C‘EST TOUT POUR MOI
Imparfait mais sincère, énergique et touchant
Lila grandit avec son père et sa sœur dans une cité près de Bruxelles. A l’âge de 11 ans, elle se tourne très vite vers la danse hip-hop qui la fascine elle et sa sœur. Avec ses copines, elles montent un groupe pour montrer de quoi les filles sont capables, malgré le désaccord de son père. Dix ans plus tard, son rêve est de partir à Paris pour percer dans la danse. Pour se faire, elle choisit de mentir à son père qui découvre vite le subterfuge…
Au regard de l’affiche calibrée du stéréotype de la comédie française « djeunz » avec une tête d’affiche du Jamel Comedy Club, il est probable que beaucoup partiront avec des a priori. Il n’y a qu’à observer la polémique faisant rage sur Twitter où beaucoup d’internautes s’interrogent sur la note exceptionnelle des spectateurs sur le site Allociné.
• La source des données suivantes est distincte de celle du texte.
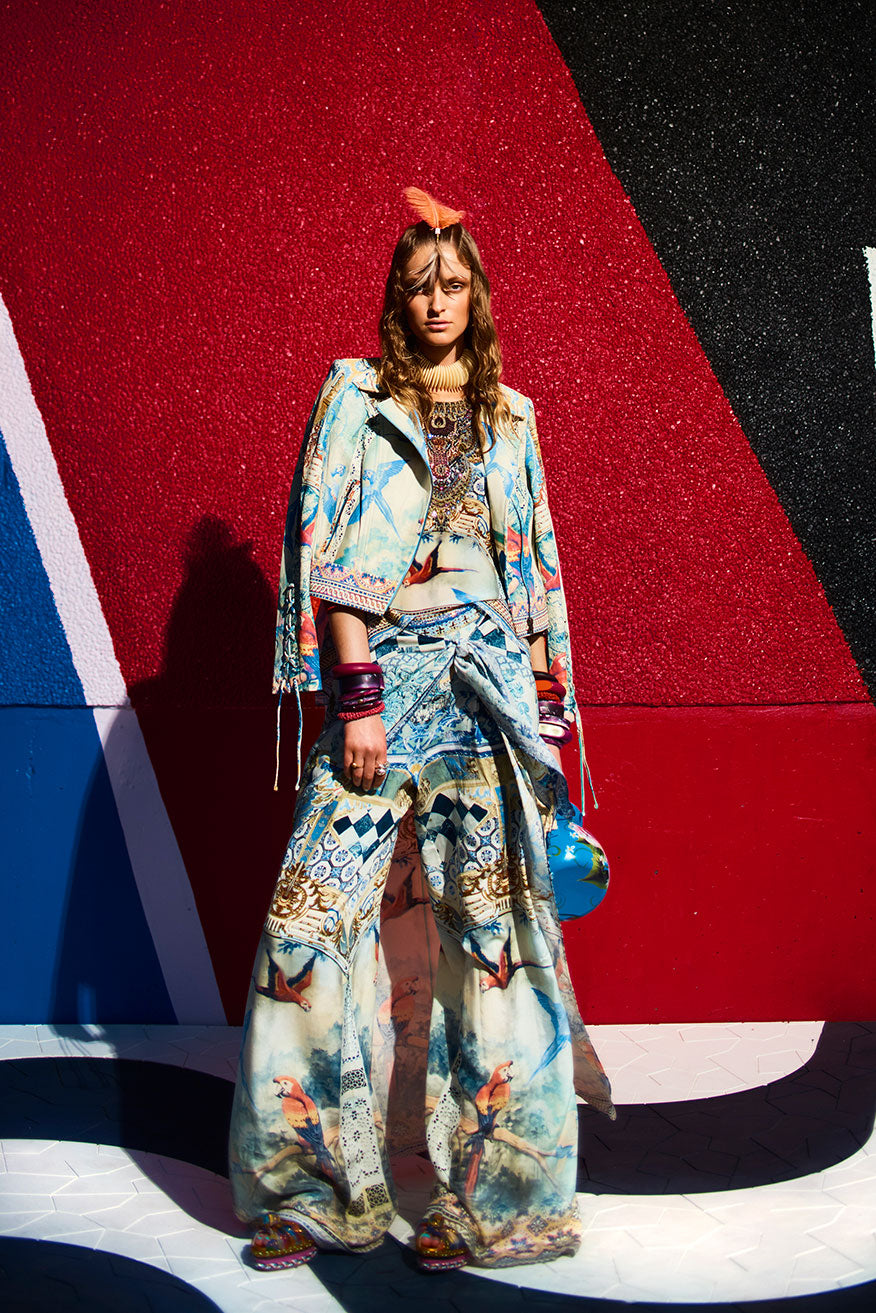 LOVERS DREAM BUTTON BACK TOP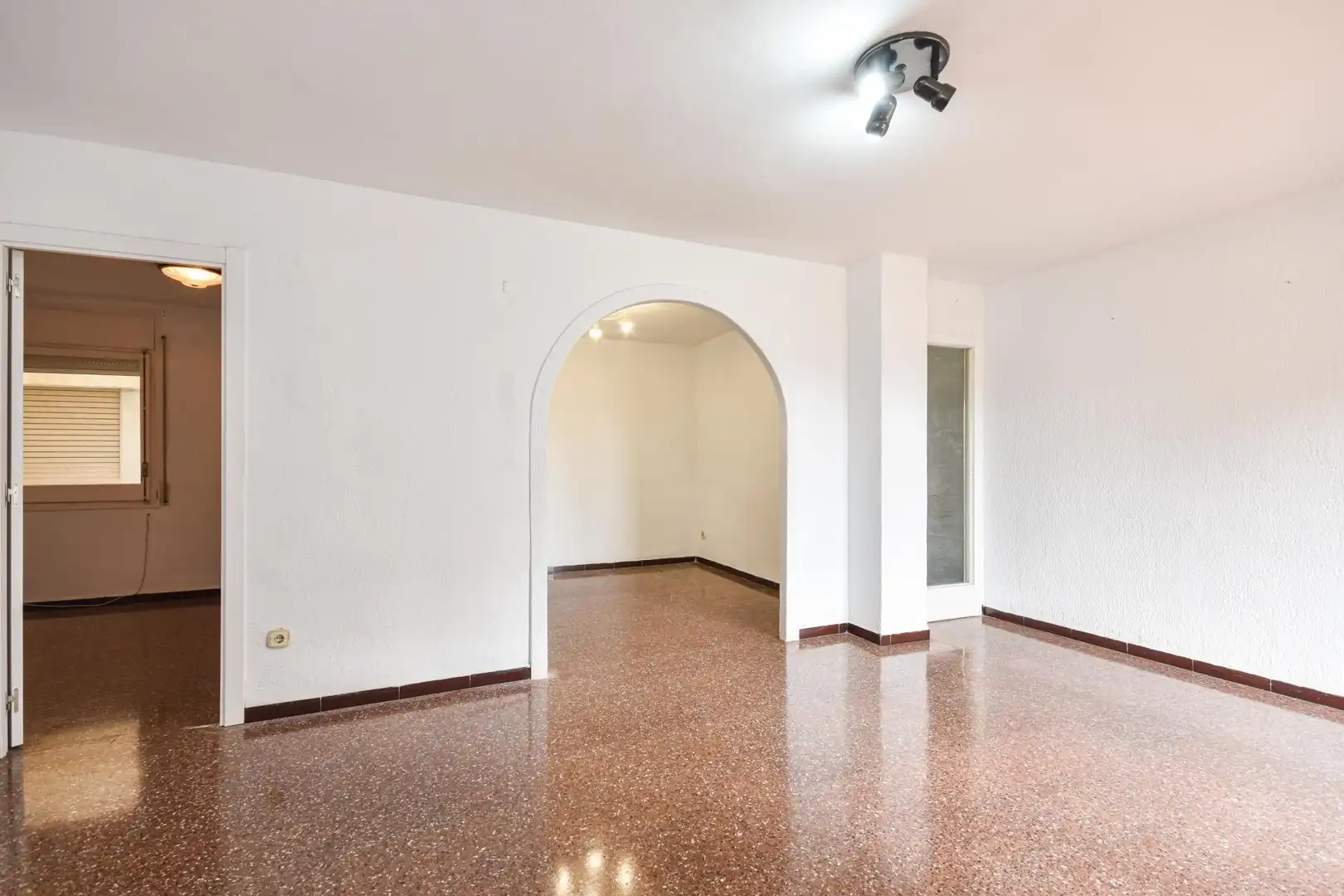 Piso en venta en Terrassa con Calefacción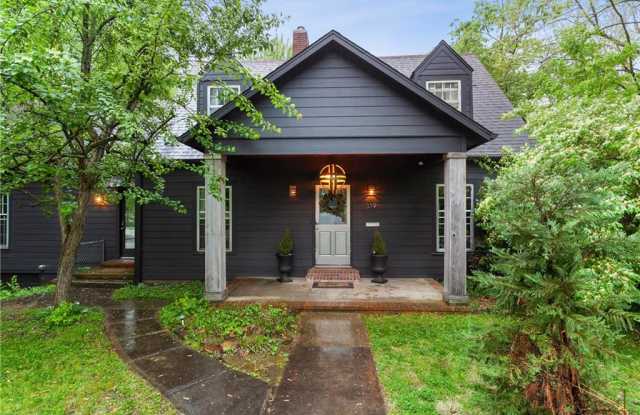 319 Holly  ST - 319 West Holly Street, Fayetteville, AR 72703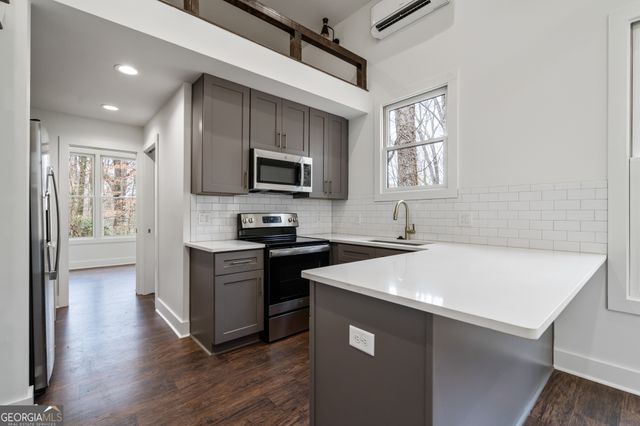1453 Bridges Avenue SW, Atlanta, GA 30310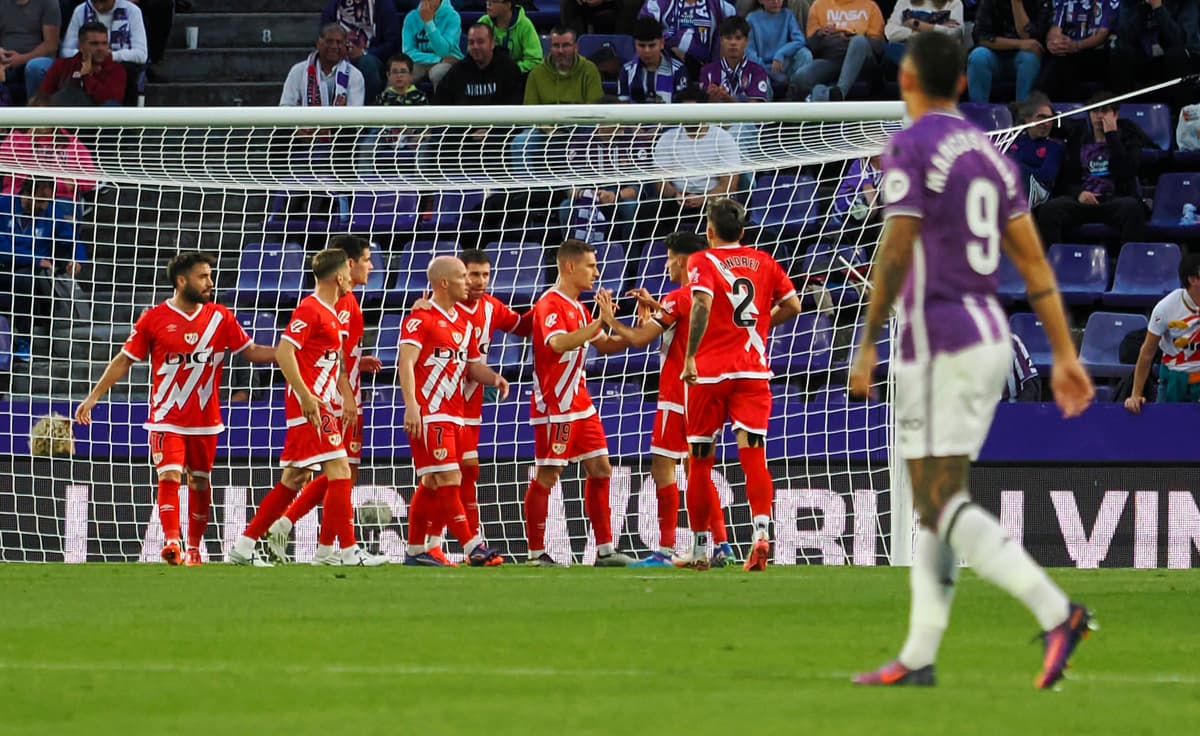 1-2. Con colombiano James, el Rayo De Frutos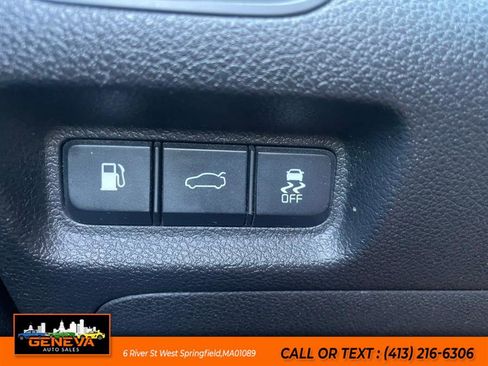 Used 2019 Kia Optima S w/ S Panoramic Sunroof Package image 23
Pourtant, après visionnage du film, il faut reconnaître que Nawell Madani et son acolyte Ludovic Colbeau-Justin, co-réalisateur de ce premier long métrage assez personnel pour la comédienne, ont accouché d’un film plaisant sachant balancer entre humour corrosif et moments mélos bien dosés.
L’humoriste révélée en 2012 par le Jamel Comedy Club y raconte l’histoire de sa conquête de la scène, certes de manière romancée, mais estampillée par son énergie débordante et son apparente sincérité. Si l’on regrettera certainement quelques facilités scénaristiques comme le segment de l’arnaque et du passage en prison paraissant très édulcoré, le reste fait mouche et donne une autre vision de l’univers du stand-up, surtout pour les femmes dont les tentatives de vulgarités ne sont jamais acceptées au même niveau que celles des hommes. Evoluer dans un milieu très masculin n’est jamais facile mais la comédienne et réalisatrice n’hésite pas non plus à remettre un petit tacle à propos du vol des vannes aux stand-uppers américains.
Même s’il ne parvient que trop rarement à l’égaler, "C’est tout pour moi" rappelle "Tout ce qui brille" dans sa narration du désir d’ascension et d’émancipation de son milieu social. Malgré ce que l’on aurait pu penser, le duo a su éviter la caricature pour donner vraiment corps aux personnages et en particulier à celui du père, remarquablement interprété par un véritable chauffeur de taxi. Nawell Madani de son côté a su aussi adapter son énergie débordante pour livrer une interprétation convaincante de son alter-égo Lila. Même si le casting ne livre pas des prestations tout à fait égales (on sent bien que Berléand a beaucoup plus d’expérience que certains), ce défaut est bien rattrapé par l’écriture dont certaines répliques sont bien caractérisées par la plume de Nawell Madani. Les aficionados de l’humoriste seront à coup sûr conquis.